The guilt that soldiers feel isn’t just morally expedient or species-adaptive. It is fitting because it gets right certain moral (or evaluative) features of a soldier’s world — that good soldiers depend on each other, come to love each other, and have duties to care and bring each other safely home. Philosophers, at least since the time of Kant, have called these “imperfect duties”: even in the best circumstances, we can’t perfectly fulfill them. And so, what duties to others need to make room for, even in a soldier’s life of service and sacrifice, are duties to self, of self-forgiveness and self-empathy. These are a part of full moral repair.I'm not quite sure what she's saying here, but the idea seems to be that soldiers should feel guilty in these situations, as they naturally tend to anyway, but that they should also get over it, presumably because they are not morally guilty (in the cases Sherman is talking about) in any objective sense. That is, they feel guilty, and so are "subjectively guilty," but have not done anything morally wrong, even though they caused something bad to happen. For instance, they might have installed a faulty piece of equipment that later killed someone.
Consequentialism says that what they did was morally wrong, and this is both a reason to reject consequentialism and (given that people very often do feel such consequentialist guilt) to recognize that consequentialism reflects some of our deepest moral attitudes/intuitions/feelings/beliefs, albeit very imperfectly. Perhaps what these soldiers feel ought to be (mere) regret, but what they actually feel (at least according to Sherman, and I'm sure she's right) is guilt. And, she argues, it is good that they do so. It shows their concern for their comrades. It shows their humanity, too, I think. But still, it's hard to say that someone should be crippled by guilt because of involvement in an accident. Hence Sherman's additional claim that these soldiers should forgive themselves. Which, of course, is easier said than done.
Her discussion makes me think of one of my former students, Shannon Meehan, who feels similar guilt for ordering an artillery strike on a building in Iraq that he thought contained armed insurgents but in fact contained an innocent family. They were all killed. It seems that the insurgents had deliberately set things up so that it looked as though explosive devices were being controlled from inside that house, perhaps as a distraction but quite possibly precisely in order to bring about the kind of guilt-inducing disaster that happened.

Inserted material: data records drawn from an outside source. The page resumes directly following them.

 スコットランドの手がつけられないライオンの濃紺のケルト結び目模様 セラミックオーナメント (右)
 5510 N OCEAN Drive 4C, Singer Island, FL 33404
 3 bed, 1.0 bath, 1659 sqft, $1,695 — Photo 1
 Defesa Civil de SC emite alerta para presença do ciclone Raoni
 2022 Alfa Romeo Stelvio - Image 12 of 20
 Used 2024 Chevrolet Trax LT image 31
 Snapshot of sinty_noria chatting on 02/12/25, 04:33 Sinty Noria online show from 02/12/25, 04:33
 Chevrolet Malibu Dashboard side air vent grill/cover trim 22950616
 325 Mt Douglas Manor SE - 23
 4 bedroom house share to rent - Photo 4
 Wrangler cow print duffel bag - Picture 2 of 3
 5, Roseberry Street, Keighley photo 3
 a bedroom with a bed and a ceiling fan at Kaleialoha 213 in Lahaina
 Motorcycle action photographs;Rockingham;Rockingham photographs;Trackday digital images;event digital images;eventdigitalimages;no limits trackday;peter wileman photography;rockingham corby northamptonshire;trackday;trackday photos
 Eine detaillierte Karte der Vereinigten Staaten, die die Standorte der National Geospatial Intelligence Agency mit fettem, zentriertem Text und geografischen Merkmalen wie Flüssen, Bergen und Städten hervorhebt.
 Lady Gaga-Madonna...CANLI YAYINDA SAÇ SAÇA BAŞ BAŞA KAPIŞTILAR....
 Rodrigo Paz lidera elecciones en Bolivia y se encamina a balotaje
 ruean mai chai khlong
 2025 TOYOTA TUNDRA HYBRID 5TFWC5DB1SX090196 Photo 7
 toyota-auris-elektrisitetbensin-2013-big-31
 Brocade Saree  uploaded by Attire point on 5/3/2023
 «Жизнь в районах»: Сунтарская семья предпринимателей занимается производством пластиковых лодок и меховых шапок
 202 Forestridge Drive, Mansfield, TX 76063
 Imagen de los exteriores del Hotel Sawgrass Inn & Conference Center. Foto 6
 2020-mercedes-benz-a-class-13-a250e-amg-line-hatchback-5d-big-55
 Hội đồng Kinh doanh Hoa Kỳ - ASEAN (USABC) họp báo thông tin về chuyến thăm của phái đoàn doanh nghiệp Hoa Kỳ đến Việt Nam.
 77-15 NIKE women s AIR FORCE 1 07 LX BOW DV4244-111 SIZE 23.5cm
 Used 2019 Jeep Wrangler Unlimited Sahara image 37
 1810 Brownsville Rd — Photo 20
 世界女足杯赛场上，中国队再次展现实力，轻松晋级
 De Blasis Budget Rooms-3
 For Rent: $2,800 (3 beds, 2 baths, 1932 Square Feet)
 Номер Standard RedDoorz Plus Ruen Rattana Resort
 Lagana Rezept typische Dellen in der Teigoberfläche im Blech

It seems to me that Shannon is not guilty, but, as Sherman suggests, it is probably a good thing that he feels guilty. As long as this does not continue to be a major burden for him for the rest of his life. I hope he can, if not forgive himself (that doesn't seem like quite the right idea), at least come to terms with what happened and what he did. This might be made harder by the weird thought that terrorists are (or might have been) trying to get inside his head to make him feel guilty, but that's just another reason to try to reduce the subjective guilt to something closer to regret. Consciously working to manage an appropriate feeling of guilt, though, might well feel immoral. The conscience should perhaps be left alone. But the feeling of guilt can hardly be ignored, nor can thoughts about what we have done and caused in the past. At least I don't think these things should be ignored. "Je ne regrette rien" always seems like a celebration of callousness to me.
I suspect the timing of Sherman's piece may have to do with the 4th of July. Other notable anniversaries this weekend include Franz Kafka's birthday yesterday and this blog's anniversary the day before that. So it's a good time for some fireworks.